Some commercial practices are aware of this, and aim to prevent the overly-similar replication of images, as Open AI did with Dall-E.
Also, the stylized images found in these spaces have a special feature. They reflect the manner in which the algorithm built an abstract representation of data behaviour. Sofian Audry, researching artist and professor at l’École des Médias à l’Université du Québec à Montréal, and author of the book Art in the Age of Machine Learning, explains. “The images of these artists aren’t exactly their images, they embody a representation distributed in space that allows for the generation of other images, which never existed previously. These spaces therefore represent a kind of data compression of two billion images, for example, which instead of being directly stored as digital files, are represented in a network of artificial neurons, using much less memory space, but also with the capacity to generate an infinite quantity of new images.”
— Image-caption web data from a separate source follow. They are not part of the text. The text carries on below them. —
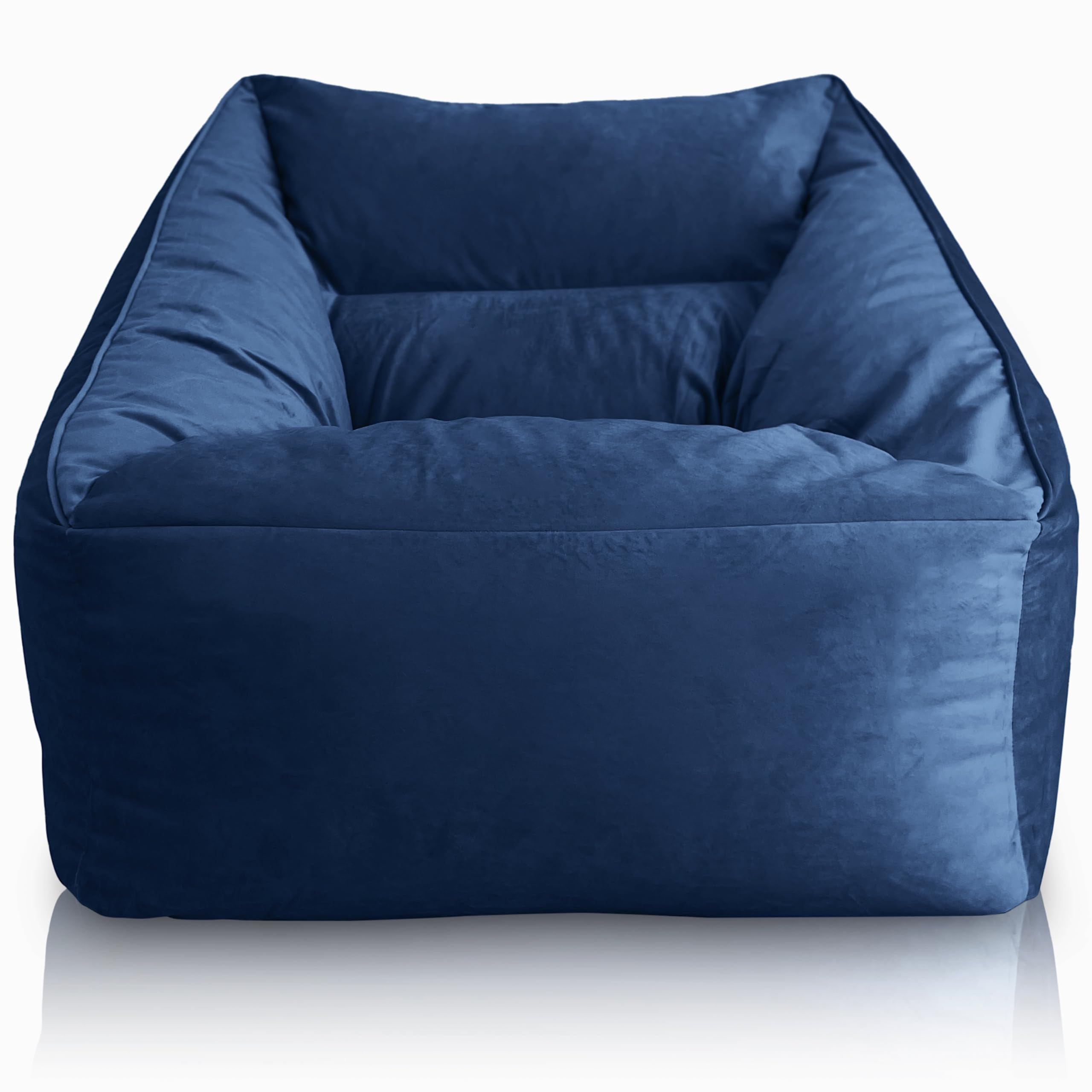 Aiire Sofa Puff Salon de Lujo - Sofa Puf Gigante Moderno de Diseño en Terciopelo Premium - Bean Bag Chair XXL con Relleno Incluido para Adulto o Decoracion Habitacion Juvenil Azul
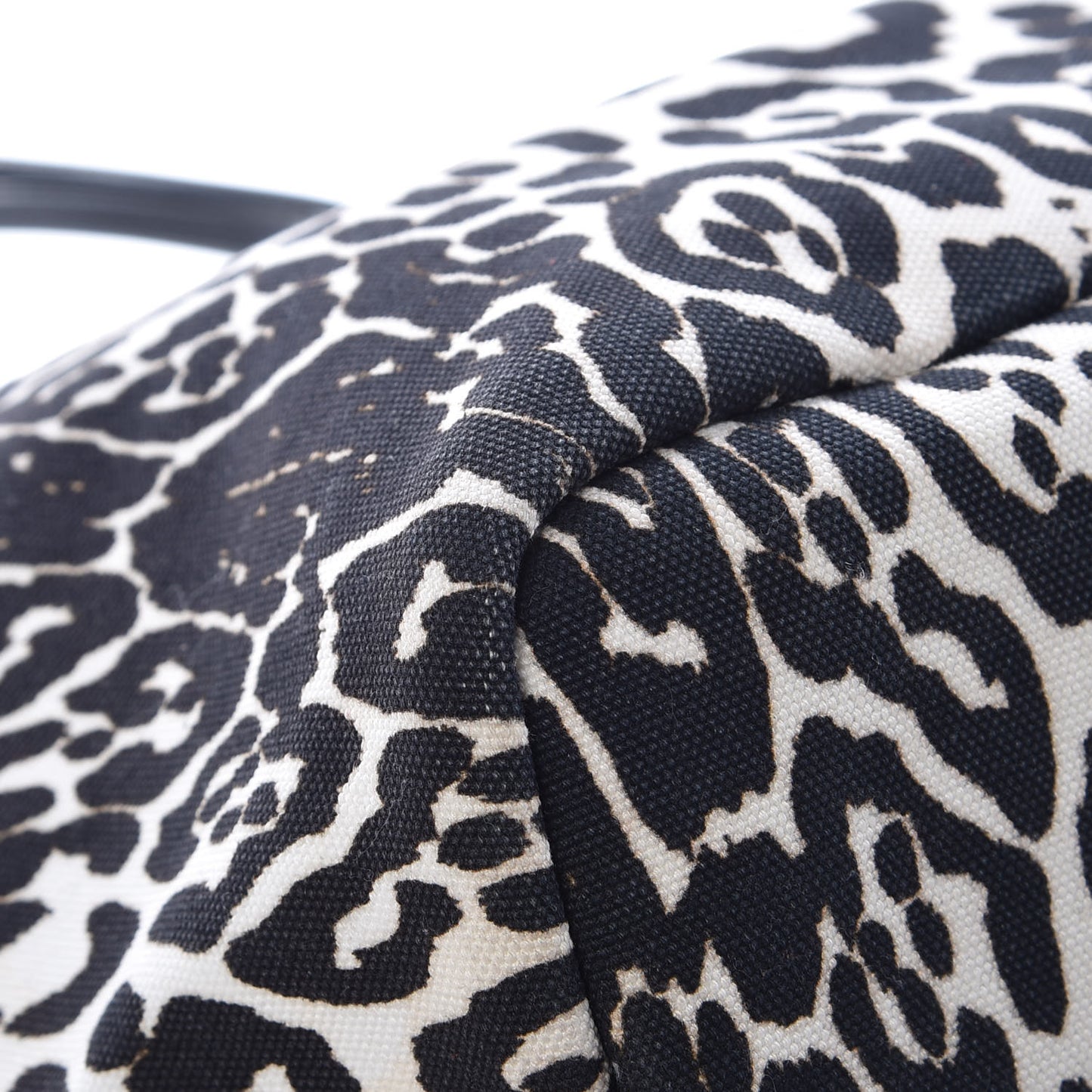 Canvas Jaguar Print Large Antigona Tote Black White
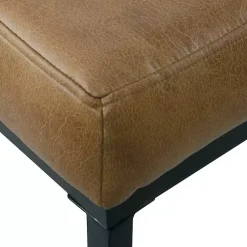 Kirklands Home Benches & Ottomans|Faux Leather Tufted Button Bench Brown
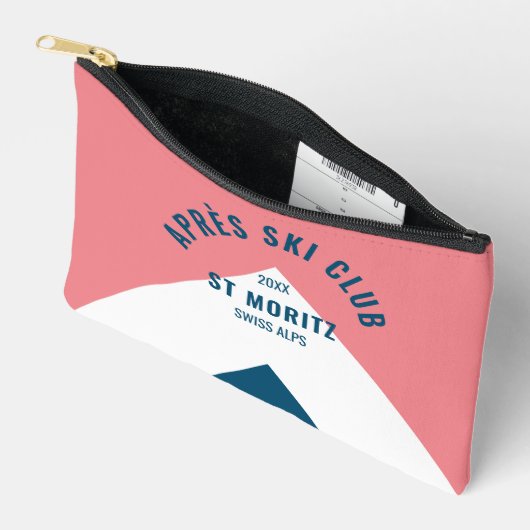 エペーススキークラブピンクネイビーレトロスタイル冬 アクセサリーポーチ (見開き)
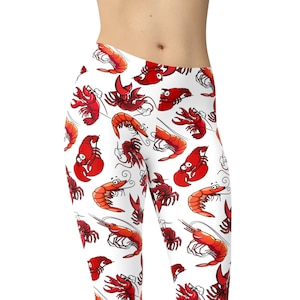 Lobsters Shrimps Leggings, Printed Leggings, Leggings for Women, Workout Leggings, Plus Size Leggings, Yoga Pants, Yoga Capris, Yoga Tights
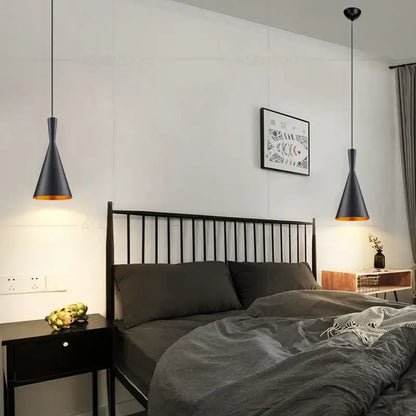 Modern black & gold musical pendant light for dining room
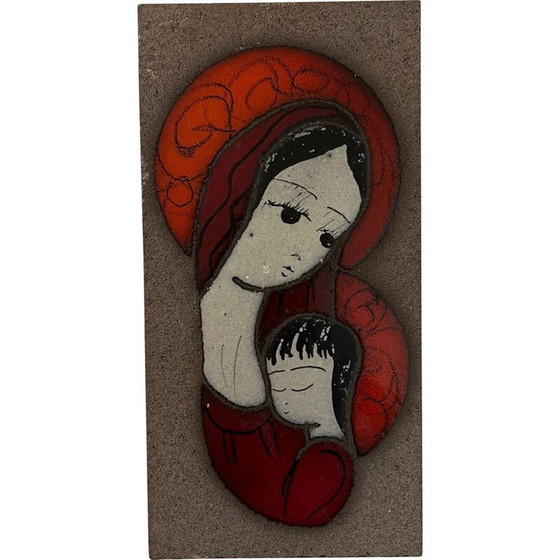 Image 1 of Plaque murale vintage en céramique, 1970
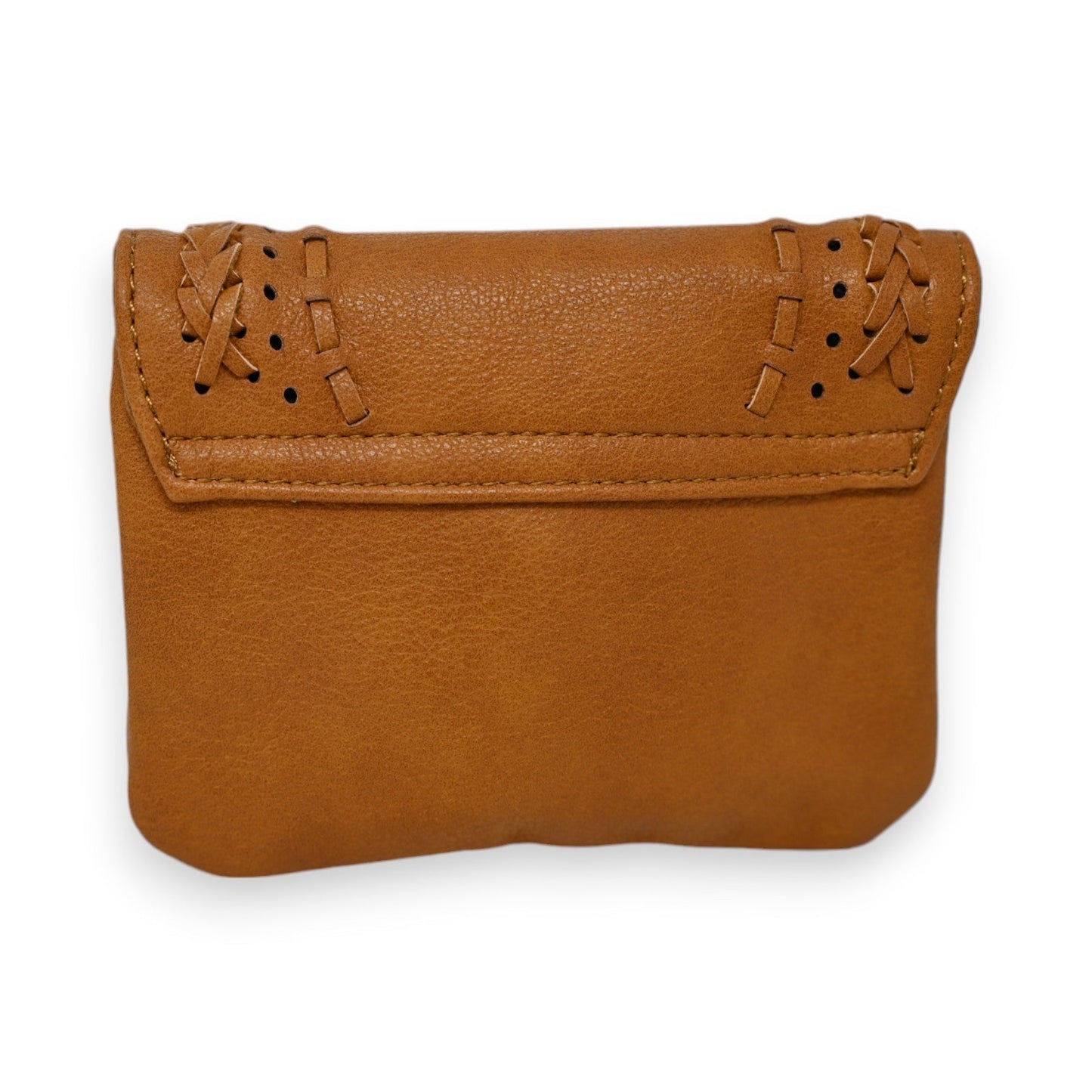 Kleine geflochtene Geldbörse in senfgelb aus Leder mit dekorativem Flechtmuster am oberen Rand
How does this emerging trend differ from the past?
The creative act that transforms an existing material is not new. Sofian Audry emphasizes that in the 20th century, the emergence of image- and soundtrack-reproduction technologies facilitated new artistic practices based upon collage and varieties of creations, such as Dadaism.
Yet machine learning techniques are revolutionizing remix technologies. As Sofian Audry explains, “before, we would remix content that already existed, whereas today, with algorithms that transfer style, we remix generative processes.”
Never before seen in the history of humanity, the machine can now automate creation processes with a model that itself becomes transformed, able to be modified and mixed. This new ability brings with it both threats and opportunities, such as the worrying deepfake phenomenon.
As Caroline Jonnaert observes, a new human-machine collaboration is emerging in which the creator can now create the creation; the rules of the creative process from which the work will be created.
Is the legal status quo erasing the artist in favour of the machine, of technology and programmers? Or conversely, is there not a risk in imposing too heavy a burden on the research and industry milieus? Is there a need to modify the law or to create parallel legislation, as other jurisdictions have done?
The law, established in the 19th century and with a certain universal timelessness, has gone through many technological changes without failing. Let us see how it adapts to this new era.